Nem a nota oficial, nem a live com os três patetas, perdão, as três importantes figuras da República – o capitão presidente, o general porta-voz, Otávio Rêgo Barros, e o general Augusto Heleno – conseguiram me responder à pergunta básica, simples, fundamental:
Por que o presidente Jair Messias Bolsonaro, com os seus dedinhos que os vermes hão de comer um dia, teclou a pergunta: – “O que é golden shower?”
Bolsonaro já havia se exposto ao país como aquilo que é: um sujeito grosseiro, rude, bronco, machista, misantropo, reacionário, neanderthal, defensor de ditadores e torturadores – e, num terreno mais específico mas não menos importante, um defensor de todo tipo de corporativismo, de interesse de um grupo em detrimento do interesse geral da nação.
A antítese do presidente “liberal” que ele tenta se mostrar hoje.
Ao perguntar no Twitter “O que é golden shower?”, no entanto, o sujeito explicitou, com todas as letras, com todas as impressões digitais, que é um estúpido, idiota, um imbecil.
Não me venham bolsonaristas convictos dizer que foi uma belíssima sacada, uma jogada inteligente, um golpe de mestre do capitão para se aproximar ainda mais da sua torcida xiita, fanática.
Ao demonstrar ao planeta Terra que não é capaz sequer de dar um google, Bolsonaro se revelou inteiro.
Nós elegemos um sujeito que não é capaz de dar um google!

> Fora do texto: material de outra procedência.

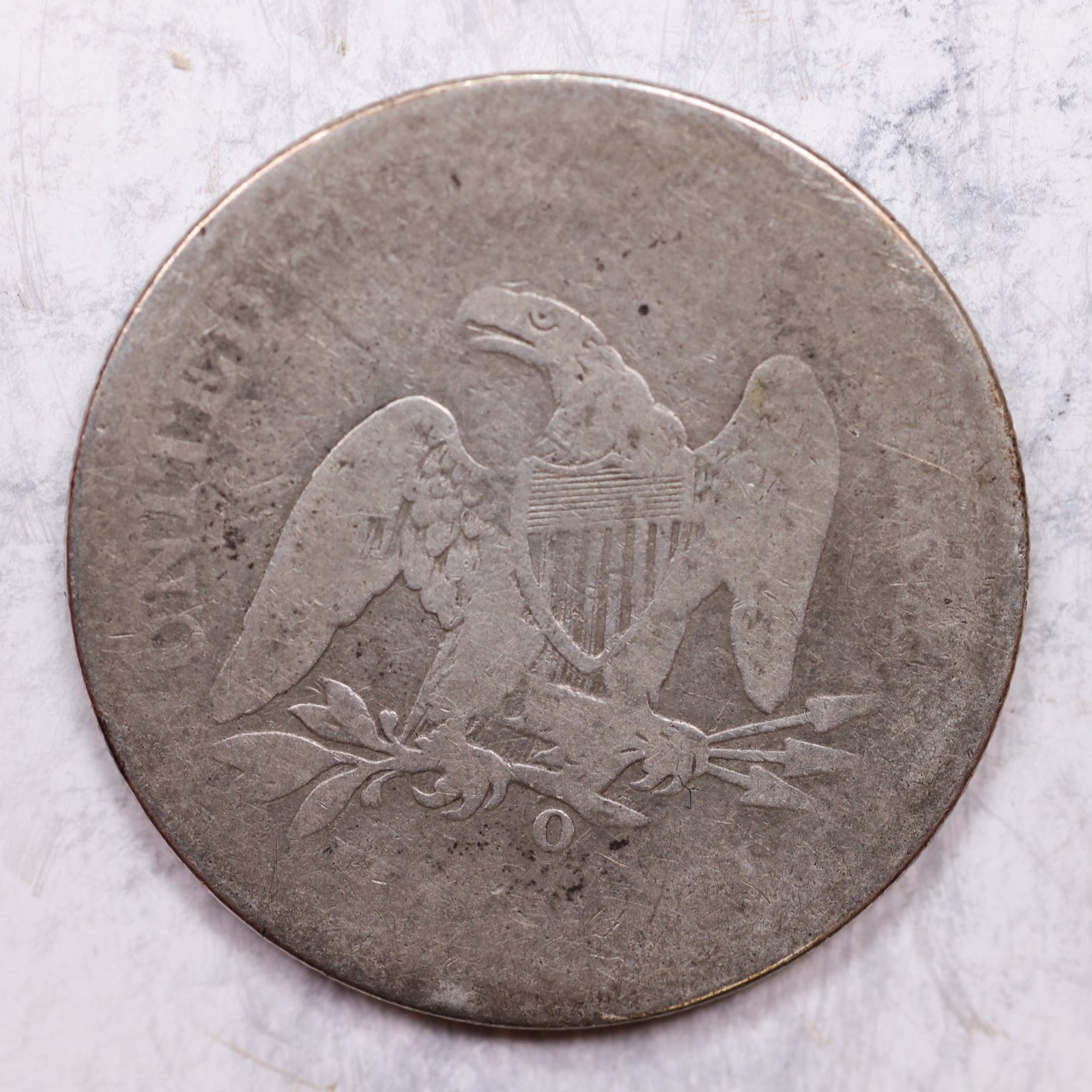 1861-O Liberty Seated Half Dollar, Good Circulated Coin, Store #HR1384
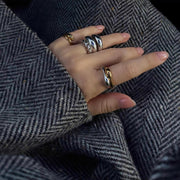 Twins Set Rings, Gold-Plated Silver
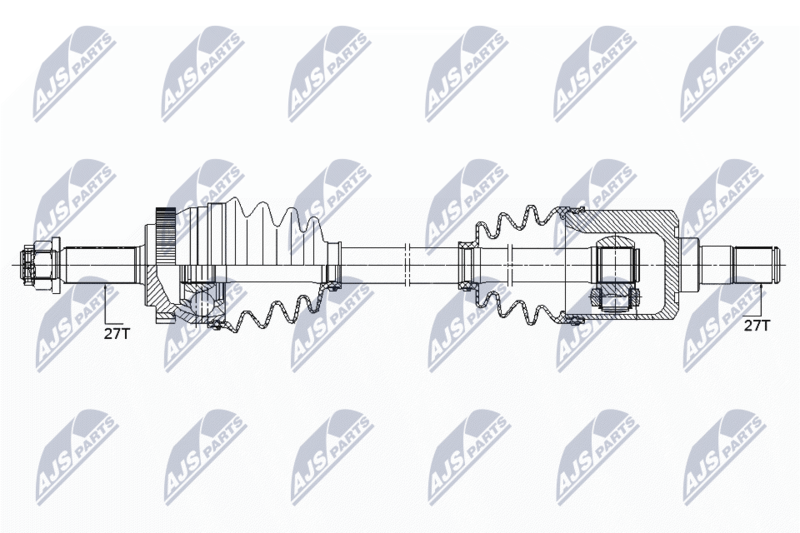 NTY NPW-KA-354 Drive Shaft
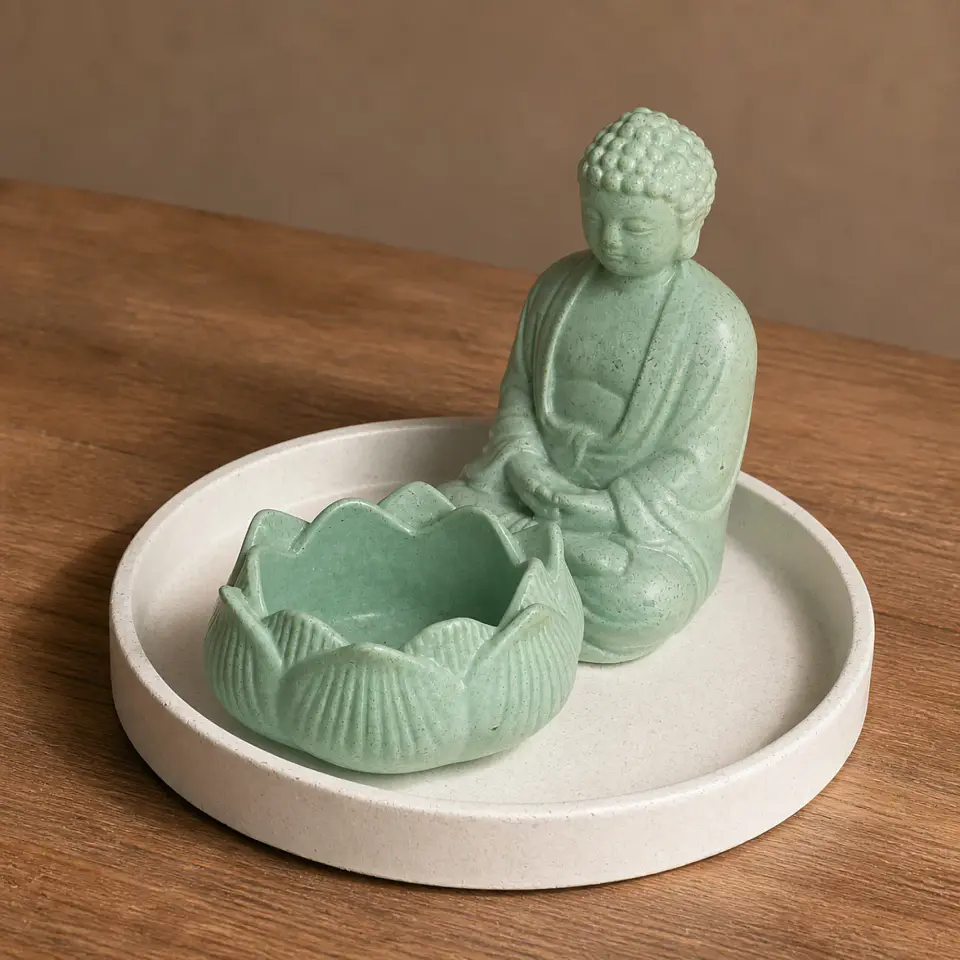 Adorno Zen con Buda y Loto – Modelo Serenidad 2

Ou que, na melhor das hipóteses, acha que fingir que não é capaz de dar um google o deixa muito bem na foto – o que é tão idiota, imbecil, estúpido, quanto não saber dar um google.
8 e 9/3/2019
Como eu acho – veja bem Sergio Vaz – desconfio… – que não foi ele quem postou aquela pérola e muito menos a pergunta idiota, o fato dele não saber googlar é o de menos. O pior foi a posição em que ele deixou o Brasil, humilhado, difamado, arrebentado. No mundo civilizado, passamos a ser os cafajestes da hora.